(What this task involves):
With pictures omitted, output the records below exactly as they appear.

(Data supplied):
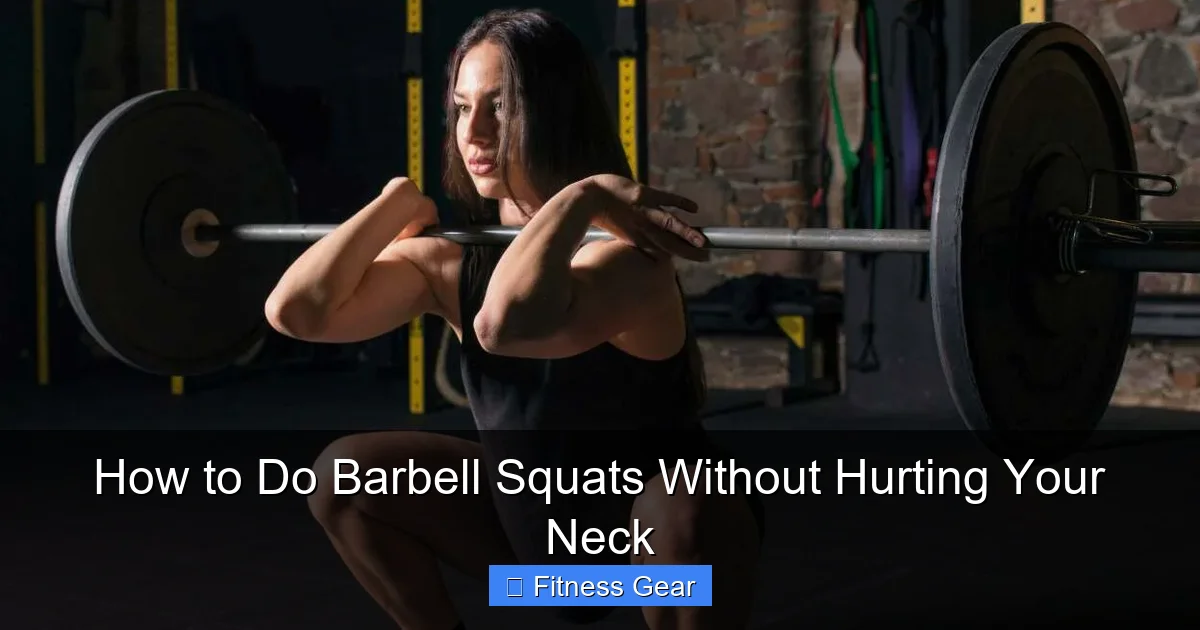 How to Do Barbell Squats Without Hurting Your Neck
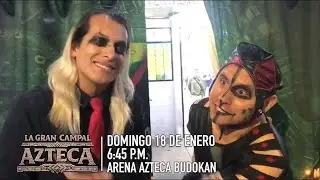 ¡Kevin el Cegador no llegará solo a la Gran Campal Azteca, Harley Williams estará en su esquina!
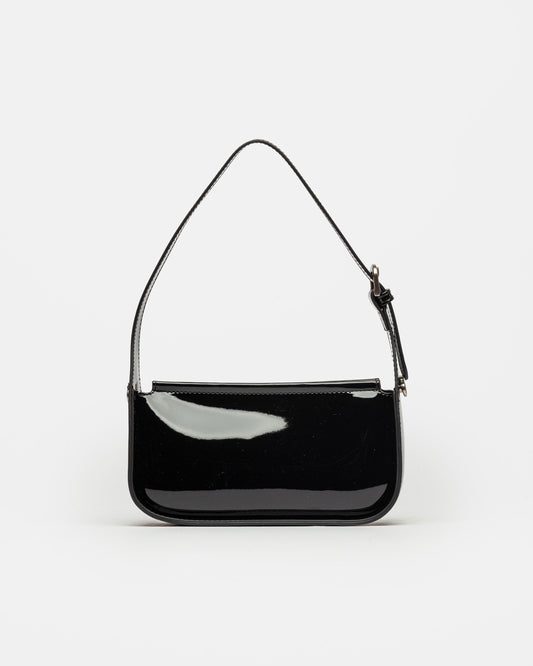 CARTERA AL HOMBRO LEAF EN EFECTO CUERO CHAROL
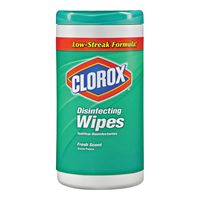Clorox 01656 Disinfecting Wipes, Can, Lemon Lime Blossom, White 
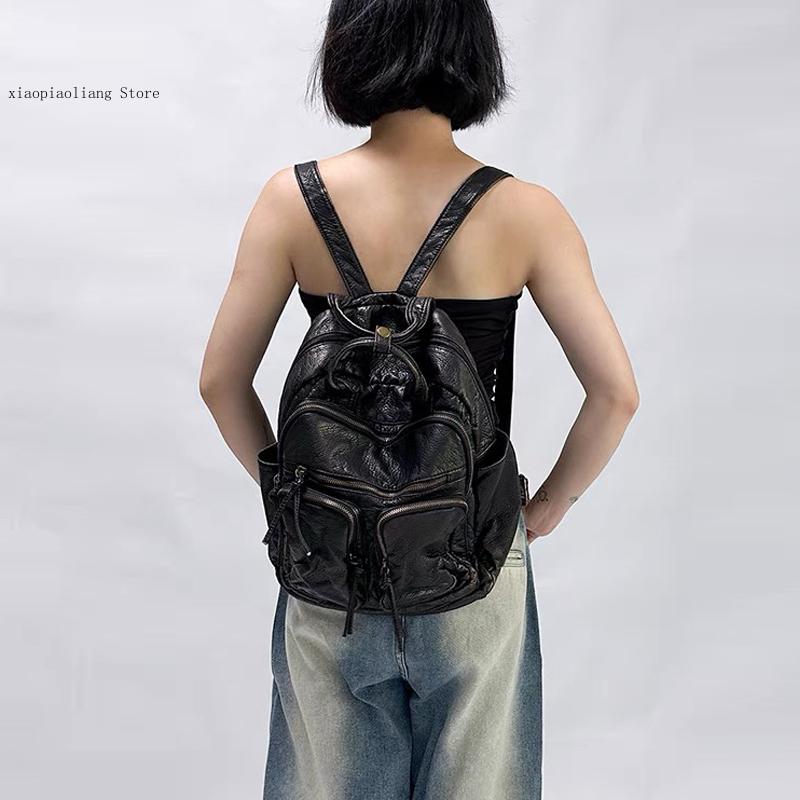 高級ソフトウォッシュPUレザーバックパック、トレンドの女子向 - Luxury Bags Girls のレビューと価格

(Result of this exercise):
 How to Do Barbell Squats Without Hurting Your Neck
 ¡Kevin el Cegador no llegará solo a la Gran Campal Azteca, Harley Williams estará en su esquina!
 CARTERA AL HOMBRO LEAF EN EFECTO CUERO CHAROL
Clorox 01656 Disinfecting Wipes, Can, Lemon Lime Blossom, White 
 高級ソフトウォッシュPUレザーバックパック、トレンドの女子向 - Luxury Bags Girls のレビューと価格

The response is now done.